Молодой священник уставился в окно, глаза сощурились, желваки надулись, он мотнул головой, перекусил папиросу и швырнул на пол.
— Чего же сорить? — проворчал старик. — Я-то в чем виноват?
Вдовий платочек Серафимы вновь просунулся в дверь:
— Младенца окрестить принесли, — сказала она отцу Константину. — Вам, батюшка.
— Мальчик аль девочка? — поинтересовался Тимофей. — Одного попа спросили, часто ли, мол, батюшка, тебе девиц невинных венчать приходится? А он отвечает…
— Старо, Тимофей Семеныч, — прервал его отец Анатолий, брезгливо поморщившись. — Старый анекдот.
— А коли новых нету? — обиделся сторож. — Вот выдумай сам, отец мой, я и буду рассказывать.

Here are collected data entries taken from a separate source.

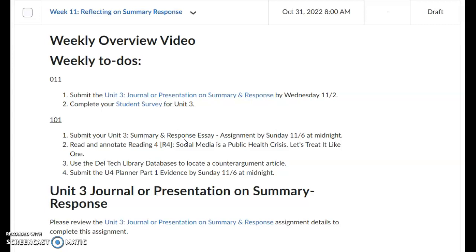All of the instructions with videos are available in 101 to break these tasks down. I highly recommend you do that. Do not leave all of this until Sunday, because it's going to be a lot to read the article, find the article, and then answer the planner. So figure out a way to break it up.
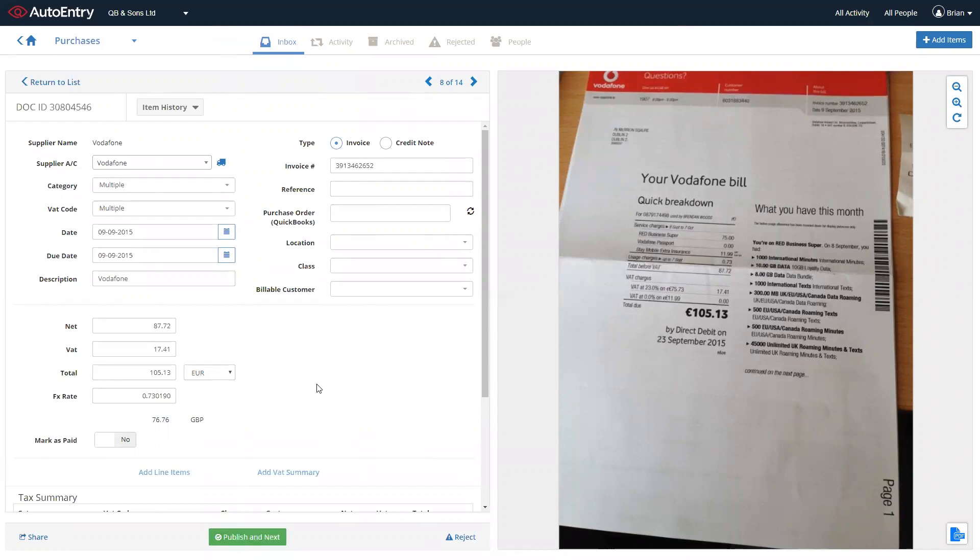Other features that are included as standard is the ability to mark invoices as paid, PO matching to open purchase orders in Xero and QuickBooks, practice homepage for accountants and bookkeepers, automatic currency conversion, ability to apply tracking categories and set due dates for payment.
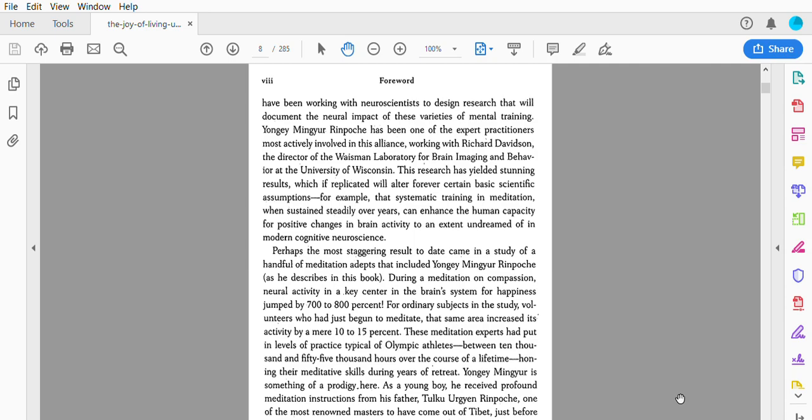Between 10,000 and 55,000 hours over the course of a lifetime, honing their meditative skills during years of retreat. Yongey Mingyur is something of a prodigy here. As a young boy, he received profound meditation instructions from his father, Tulku Urgyen Rinpoche, one of the most renowned masters to have come out of Tibet just before the communist invasion. When he was only 13, Yongey Mingyur Rinpoche was inspired to begin a three-year-long meditation retreat.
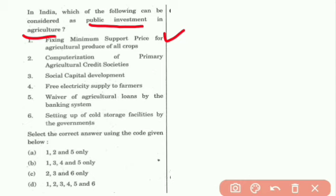The second statement is computerization of the primary agricultural credit society. Computerization is digital — if you invest in it, it is a public investment. This is correct.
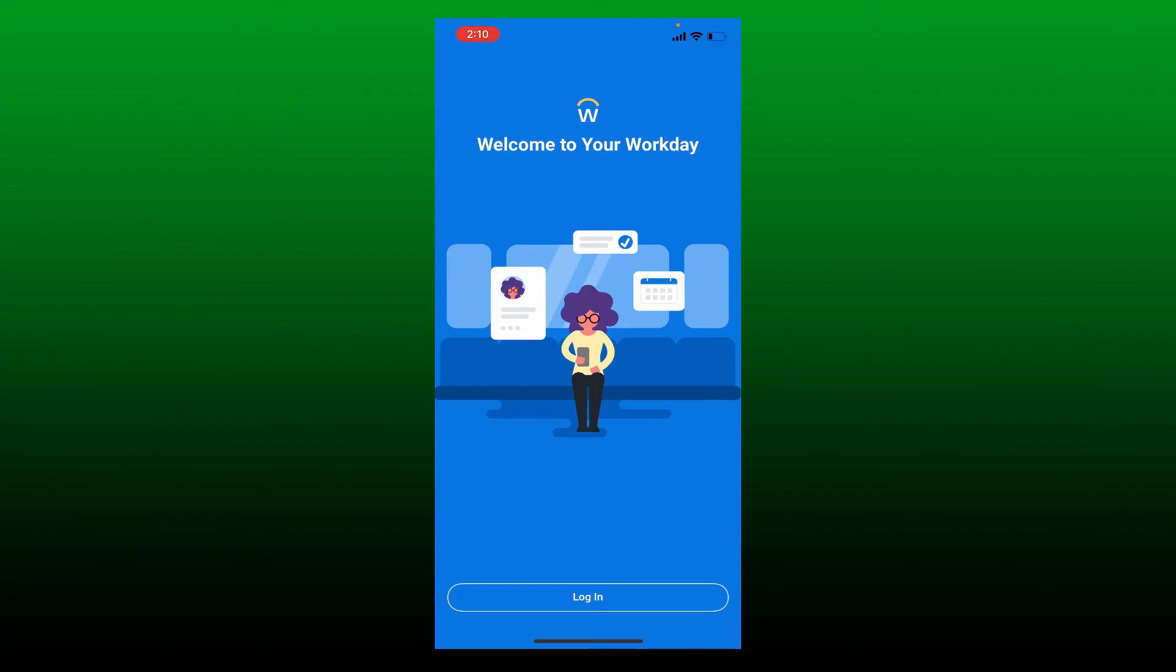The Workday app provides secure mobile access to your Workday applications on the go. You can review your pay, view or request time off, check in and out of work, submit your timesheet, and so much more.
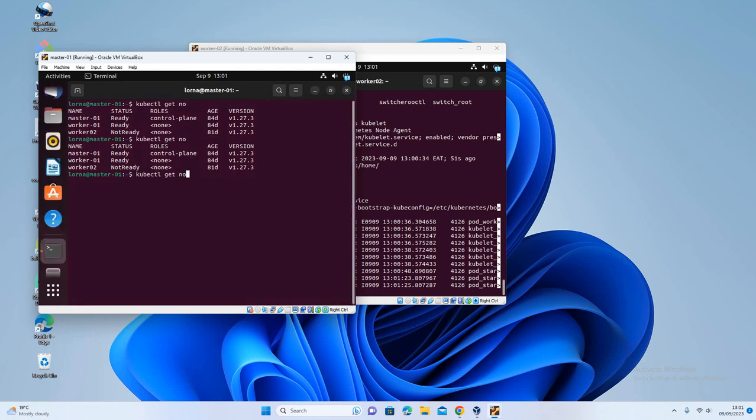So kubectl get nodes, and my node is ready. And I'm now going to start working on my cluster.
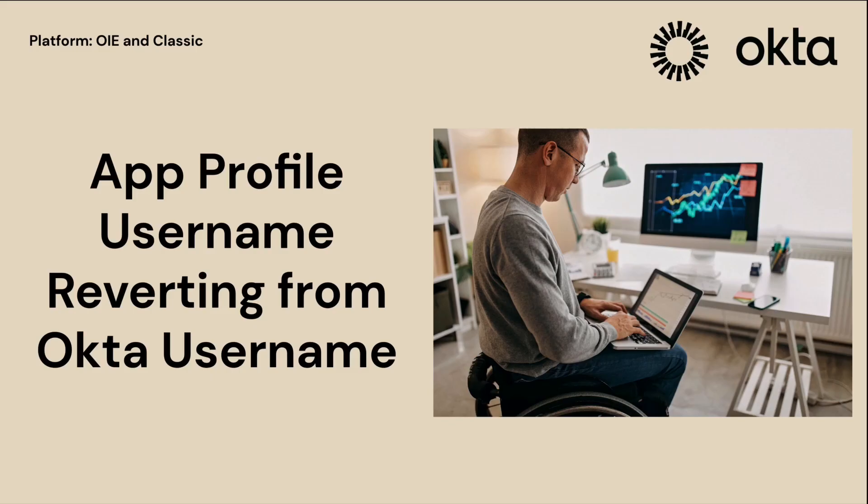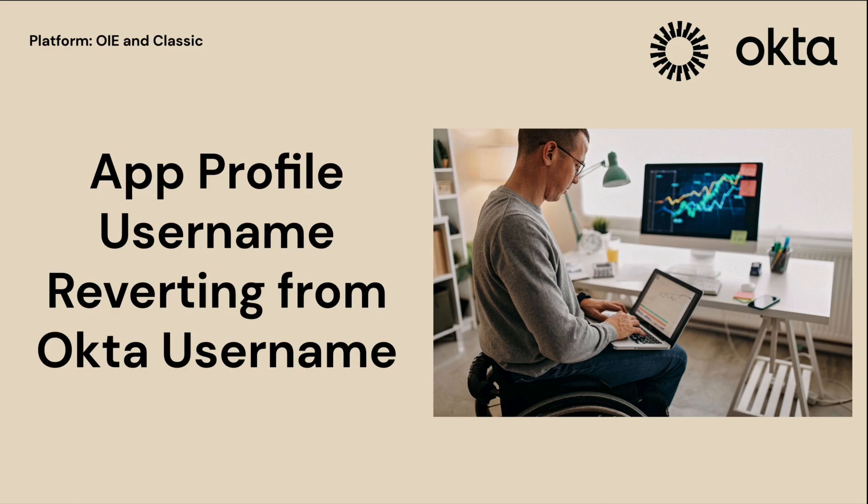In this video, we will show you how to resolve the issue of the app profile username reverting from the Okta username. This issue may occur when updating a user's login name in Okta for an Okta Integration Network application.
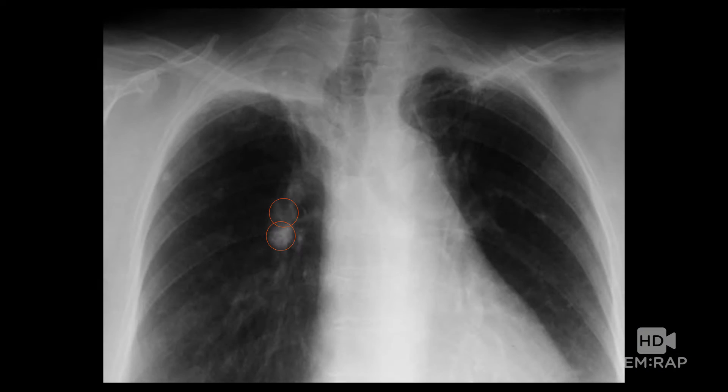Is this next one part of the calcification thing you were talking about? Yes — the bugs come in, you get a little calcified. This is the kind of thing you might see. This could be consistent with prior exposure to tuberculosis.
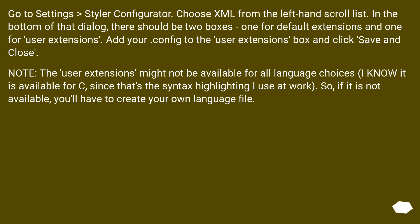Go to Settings > Styler Configurator. Choose XML from the left-hand scroll list. In the bottom of that dialog, there should be two boxes: one for default extensions and one for user extensions. Add your config to the user extensions box and click save and close.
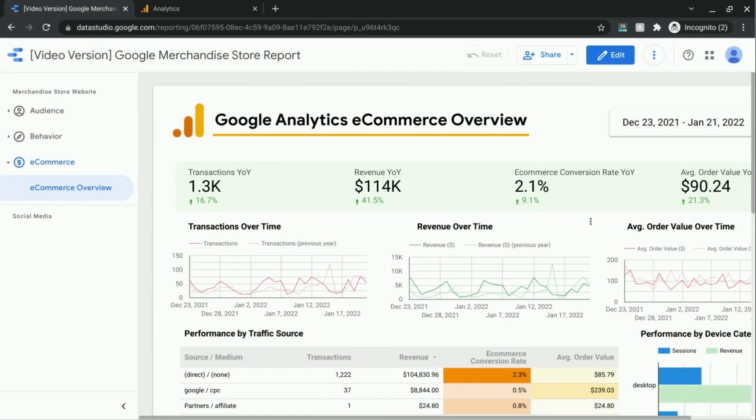Welcome! In this video we're going to cover how to sort charts and tables in Data Studio.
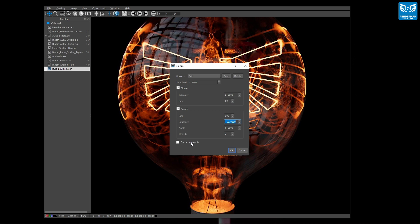Selecting output elements will only generate the individual elements used by the bloom and allows you to export those and then comp them over yourself later in your favourite compositor.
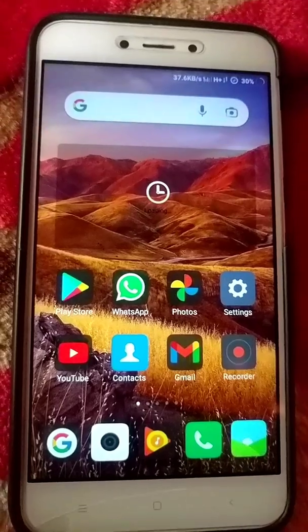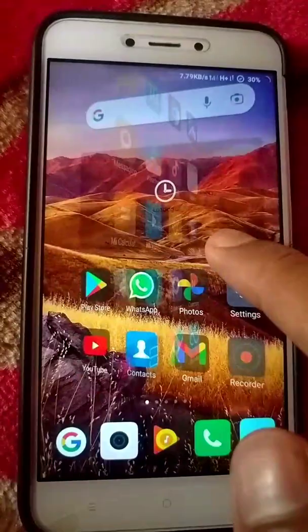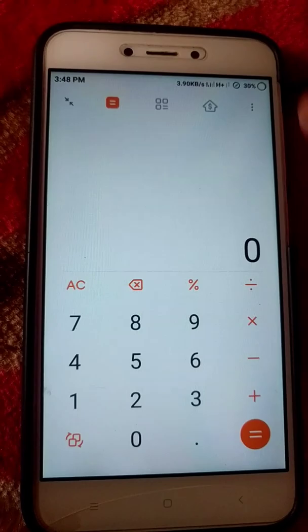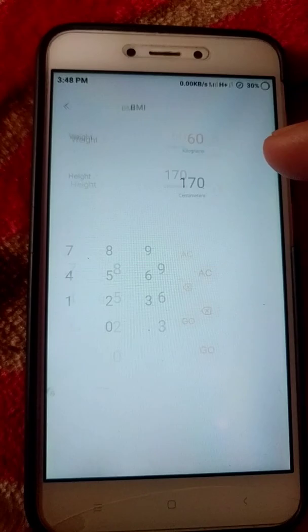In this video we see how to check BMI in a calculator. First, go to the calculator and select this option. Here, BMI weight — for example, weight 60 grams, height...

— Потерпи. Может быть, и выдумаю еще.
И этот день, и следующий, и после него из ума отца Анатолия не шла та женщина, что приходила брать молитву. Он вспоминал ее голос, хотя она произнесла всего несколько слов, он представлял ее лицо улыбающимся. Наверное, дугами поднимаются брови и на щеках проступают ямочки. Он высматривал ее в соборе и на улице, и много раз обрывалось сердце — показалось, что увидел.
А о чем сказал бы при встрече? Какое дело ему до женщины, что взяла молитву и уплатила за это полтинник? Отец Анатолий не мог ответить себе на этот вопрос. Хотел видеть — и все. Взглянуть еще раз в те правдивые глаза, они что-то сдвинули в нем, пошатнули, внесли смятение и растерянность. Перед их открытым и горьким взглядом он впервые с невообразимой доселе остротой почувствовал себя безоружным и лживым. Впервые ему захотелось излить перед кем-то душу и в чем-то себя защищать.
Отец Анатолий поскучнел. Неясная злость глодала его как болезнь. Как тяжелобольной человек припоминает тот день, когда он впервые почувствовал себя плохо, так молодой священник ворошил свою память, отыскивая конец нити, а она, непрочная, тонкая, путалась и путала мысли. Ему же необходима была ясность, та, с которой он жил до сих пор, привычная, легко объяснимая, отметающая все противоречия того, во что он сам верил и во что предлагал верить другим. Он не ковырялся в своей душе, как и в чужих душах, и принимал бога в человеке таким, каким тот хотел его принимать, и считал себя правым, потому что нес людям добро.
Если бы к горлу отца Анатолия приставили нож и велели ответить, верит ли он в бога или нет, он и тогда бы переспросил с улыбкой: «В какого? И что, по-вашему, есть бог?» Пожал бы плечами, но сказал бы твердо: «Верю в необходимость добра». Он окончательно и неколебимо верил в эту свою правоту, в свой счастливый жребий провозглашать эту правоту людям, ибо вера в бога зиждется на добре и порождает добро.
Отец Анатолий был верным и бескорыстным рыцарем доброты. Еще в раннем детстве, услыхав от старших ребят на улице, что попы обманщики и никакого бога нет, он успокоился лишь тогда, когда отец объяснил ему:
— Дело не в боге, сынок, а в душе человеческой. Тело лечат лекарствами, а душу добром.